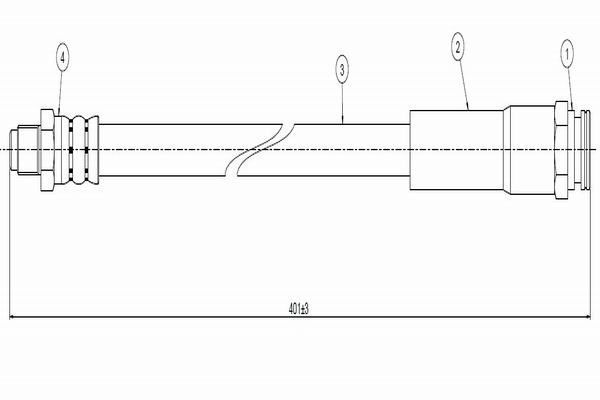 Fren Hortumu Ön Sağ veya Sol Peugeot 505 SW/ Familial (03.1982->)  CAVO C800 068A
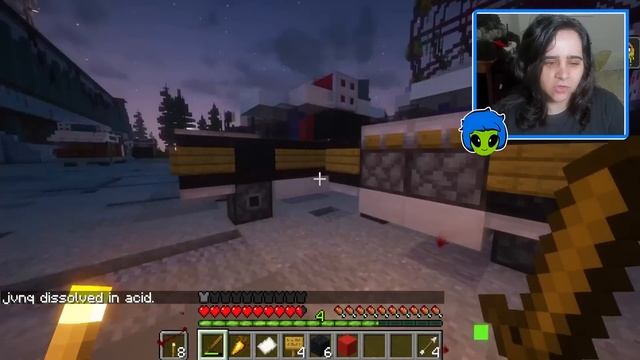Cuidado... com os Comedores de Rosto... Facehugger Minecraft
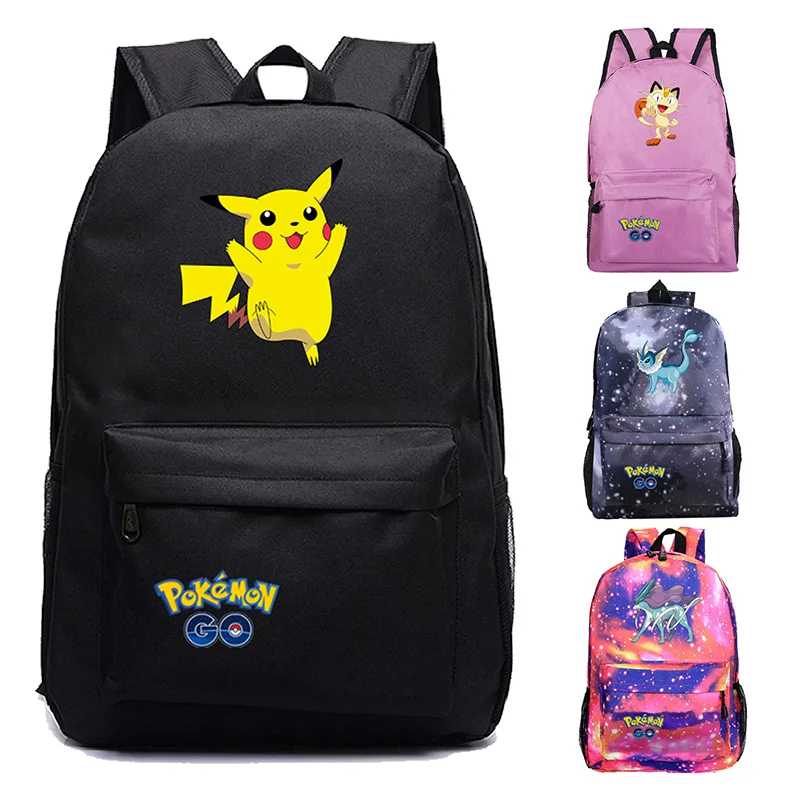Mochila Pokemon рюкзаки для школы подростков девочек Sac Dos Аниме Пикачу сумка plecak ноутбук унисекс мультфильм Backbag 41-44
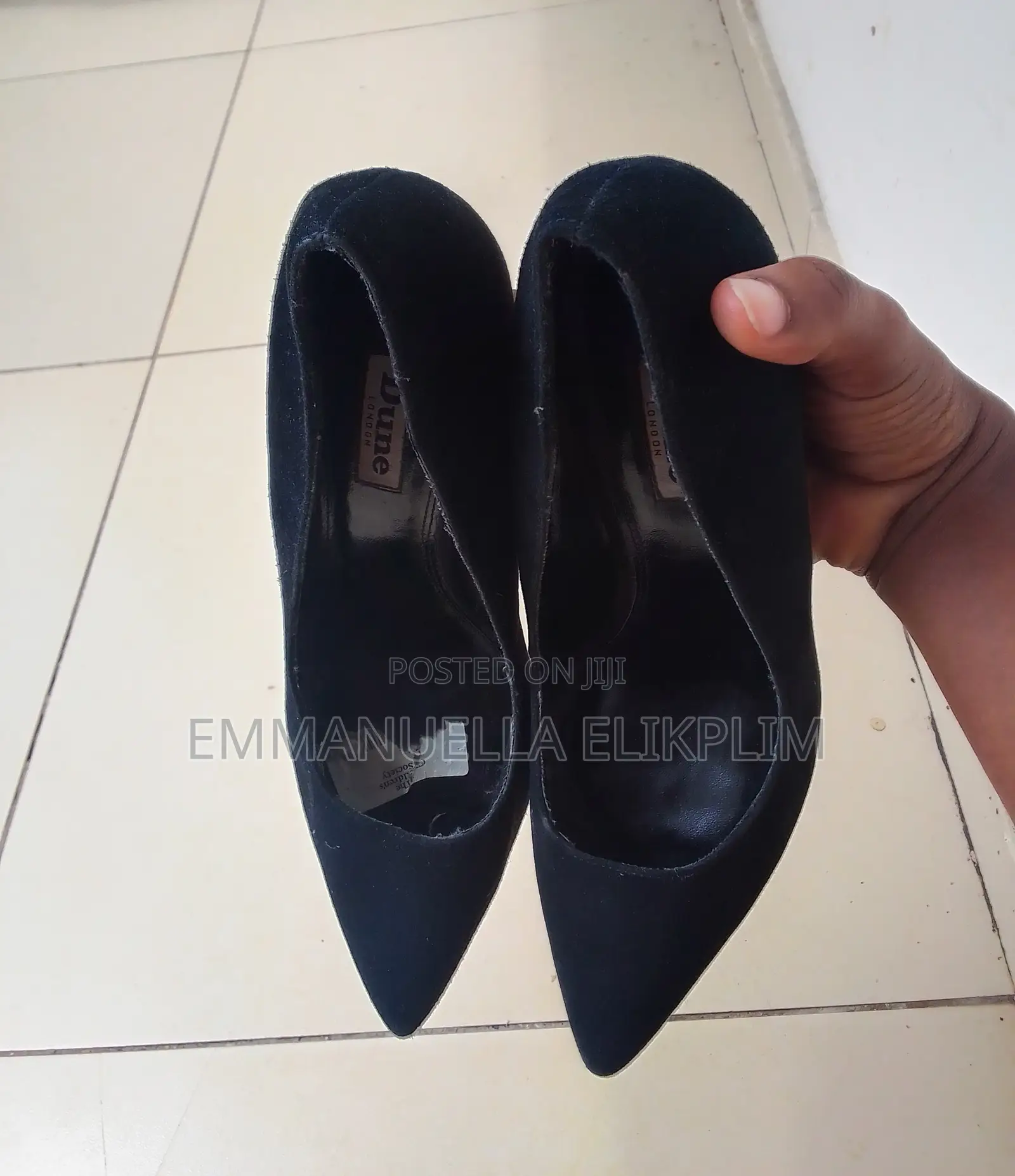 Dune Closed Toe High Heels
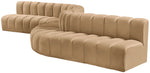 Arc - Velvet 8 Piece Curved Modular Sofa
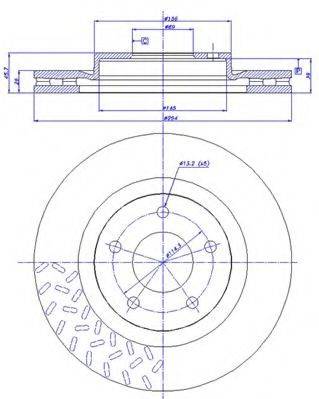 CAR 1421745 гальмівний диск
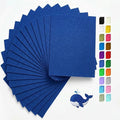 Dark Royal Blue Felt Fabric Sheets Stiff 20 Pcs 8" X 12", 1mm Thick Assorted by FANOMMI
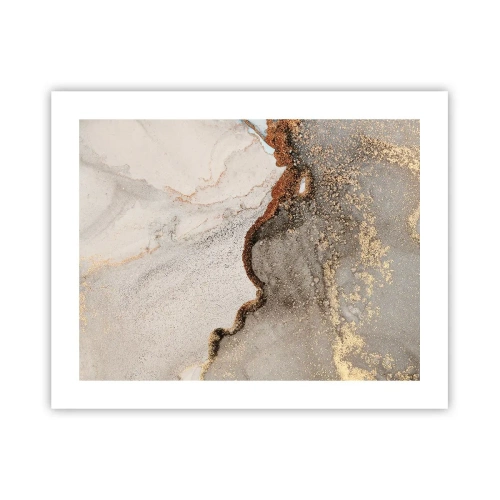 Affisch - På färgernas gräns - 50x40 cm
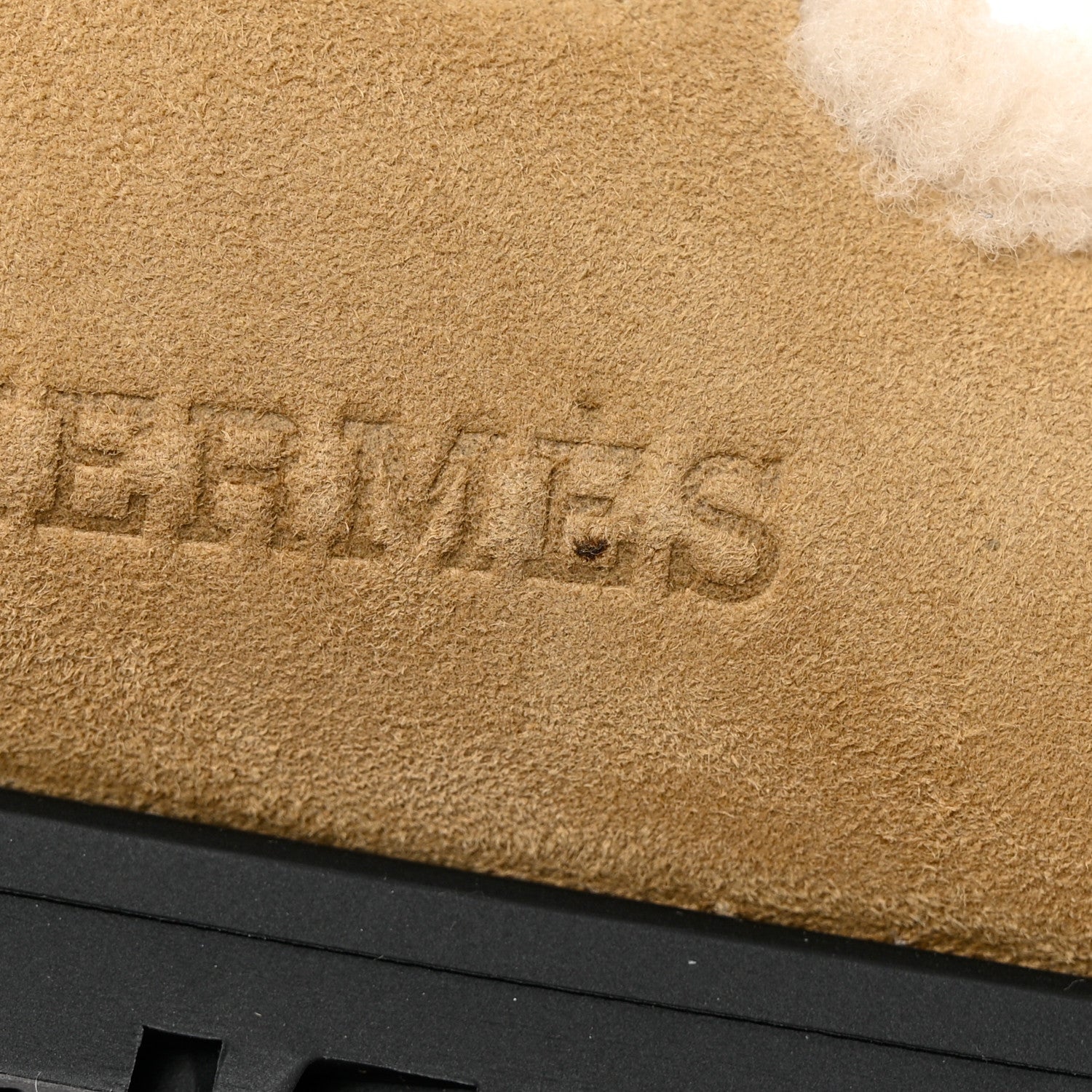 Hermes Suede Goatskin Woolskin Womens Chypre Sandals 38 Golden Beige 9 of 16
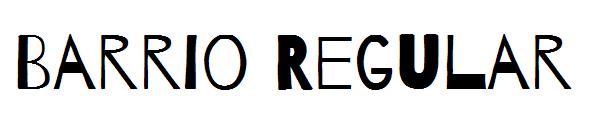 Barrio Regular字体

....

### PROBLEM TO SOLVE
With pictures excluded, the lines running from the one containing "Dark Royal Blue" through the last line of the records above are to be restated exactly and in full.

### SOLVED EXERCISE
 Dark Royal Blue Felt Fabric Sheets Stiff 20 Pcs 8" X 12", 1mm Thick Assorted by FANOMMI
 Affisch - På färgernas gräns - 50x40 cm
 Hermes Suede Goatskin Woolskin Womens Chypre Sandals 38 Golden Beige 9 of 16
 Barrio Regular字体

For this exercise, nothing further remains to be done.